New gig laws tested: Uber worker loses claim over irregular hours

Even legitimate breaks can disrupt continuity needed to access protections

New gig laws tested: Uber worker loses claim over irregular hours

An Uber Eats driver lost his unfair deactivation claim after working fewer than three days a week and taking a 15-week break during his qualifying period.

On January 28, 2026, Deputy President Saunders dismissed Sherif Wagih Mahmoud Elsheikh's application against Rasier Pacific Pty Ltd, which trades as Uber, ruling he had not been working regularly enough to claim protection under Australia's new platform worker laws.

Elsheikh had worked as a delivery person on the Uber app since March 2024. When his account was deactivated on October 15, 2025, he argued the platform had treated him unfairly. Uber countered that he was never eligible to bring the claim in the first place because he had not been doing regular work for the required six months.

The case turned on new protections for platform workers that took effect on August 26, 2024. To qualify for unfair deactivation protection, workers must have been performing paid platform work on a regular basis for at least six months at the time they lose access.

A critical detail: any work done before August 26, 2024 does not count toward that six-month period. That meant only Elsheikh's work from late August 2024 to his October 2025 deactivation mattered.

In the six months before losing access, Elsheikh averaged just over two days of work per week and about 50 hours per month.
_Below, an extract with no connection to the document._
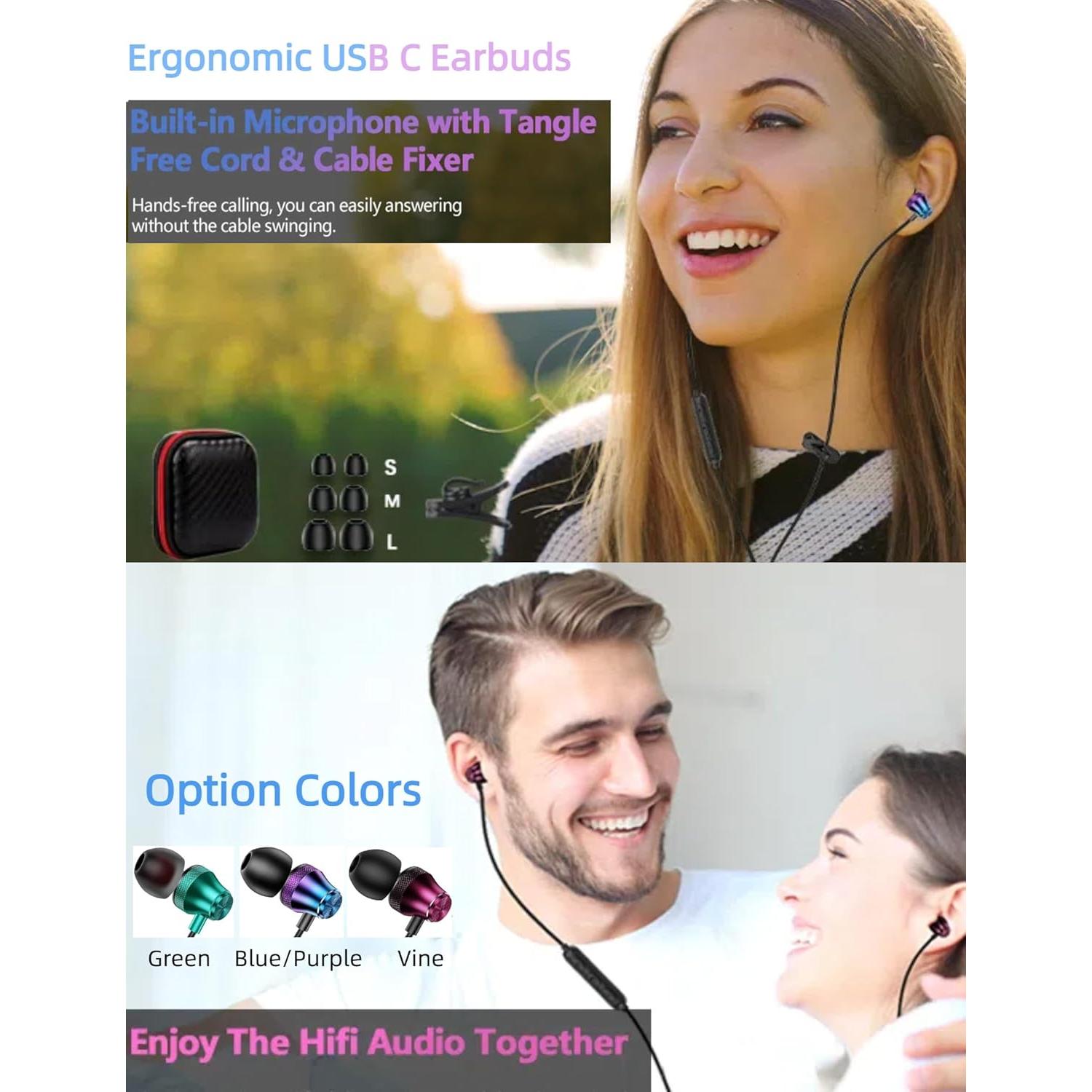 Auriculares USB C TOPAUX In-Ear con Micrófono y Control de Volumen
The Commission looked to the Digital Labour Platform Deactivation Code, which provides benchmarks: workers who average 60 hours of paid work per month or work three days each week are considered regular. Elsheikh fell short on both measures.

Then there were the gaps. For two to three weeks in late April 2025, Elsheikh could not work after someone gained unauthorised access to his Uber account. The Commission did not view that brief interruption as a problem.

The real issue was a much longer absence. From early June 2025 to mid-September 2025, Elsheikh did no work at all for Uber. His driver's licence had been suspended for three months after he exceeded the demerit point limit, and he traveled overseas during that time, intending to return to the platform once the suspension lifted.

That 15-week break represented roughly 58 percent of the six-month window the Commission examined. Deputy President Saunders found "the evidence does not establish a repetitive pattern to the work undertaken by Mr Elsheikh for Uber during the six-month period leading up to his deactivation."

The decision emphasized that sporadic work does not meet the threshold. As the judgment put it, "Conversely, if a person performs work sporadically, occasionally or on an ad hoc basis, they would not be regarded as performing work on a regular basis."

The combination of below-benchmark hours and days, plus the extended absence, meant Elsheikh was not considered to have been working regularly enough at the time of his deactivation. Without meeting that threshold, he had no protection under the unfair deactivation provisions. The Commission dismissed his application without needing to assess whether the deactivation itself was fair.

The outcome carries practical weight for those managing platform or gig workforces. Protection under the new regime hinges on recent, consistent patterns of work and on how long workers have stayed active since August 26, 2024. Extended breaks, even for legitimate reasons like licence suspensions or travel, can disrupt the continuity needed to access protections.

The ruling also underscores the value of keeping precise records of hours and days worked for platform-based workers, as these details now determine whether someone can challenge a deactivation at all.